▶ EXERCISE DATA

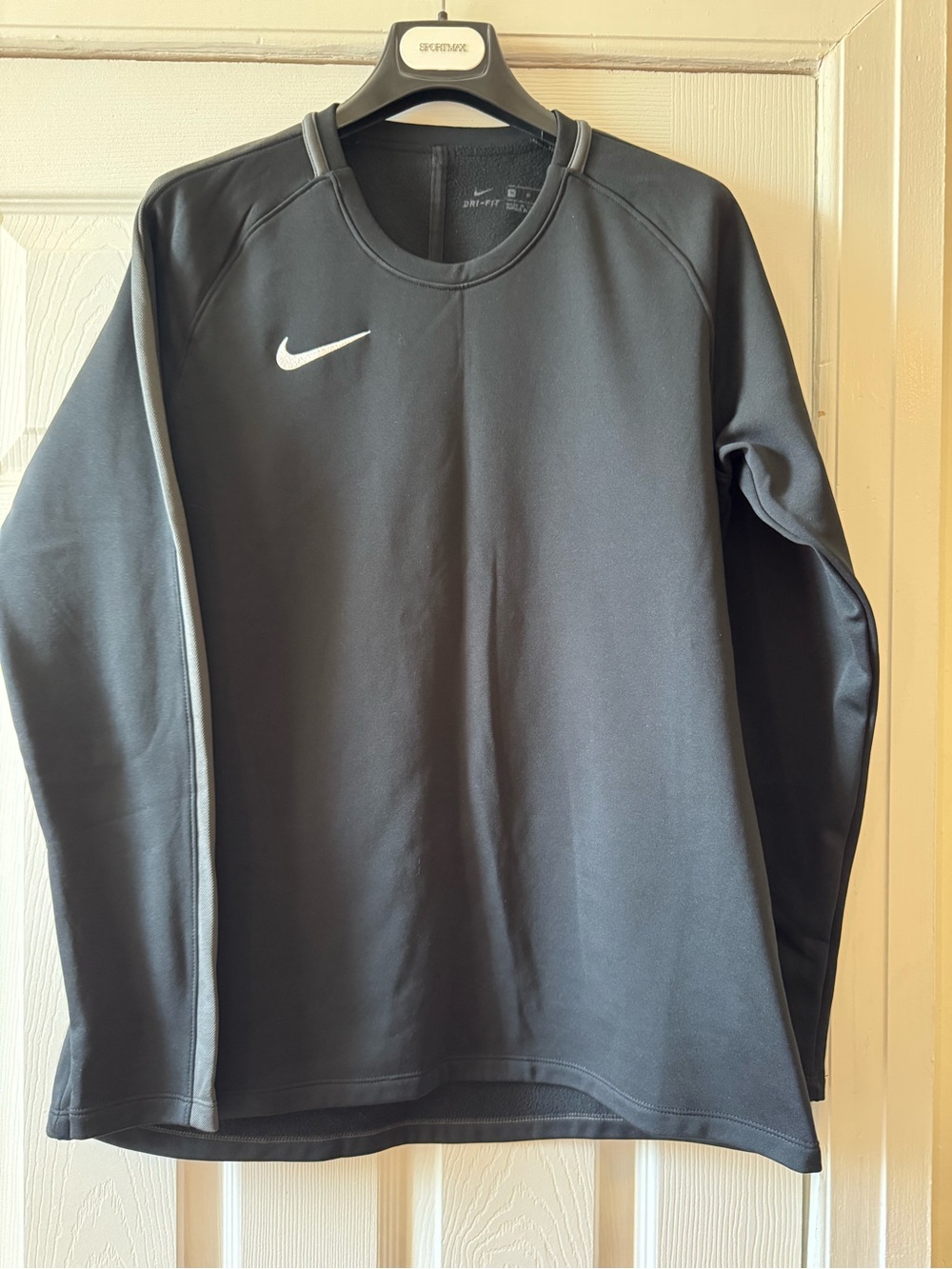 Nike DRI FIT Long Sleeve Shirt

==

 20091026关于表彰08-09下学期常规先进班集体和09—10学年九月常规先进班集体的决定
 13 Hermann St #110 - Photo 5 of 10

▶ WHAT IS EXPECTED
Using the data above, print exactly the lines from the line that contains "20091026关于表彰08" through the line that contains "13 Hermann St #110 - Photo 5 of 10", with both included.

▶ SOLUTION
 20091026关于表彰08-09下学期常规先进班集体和09—10学年九月常规先进班集体的决定
 13 Hermann St #110 - Photo 5 of 10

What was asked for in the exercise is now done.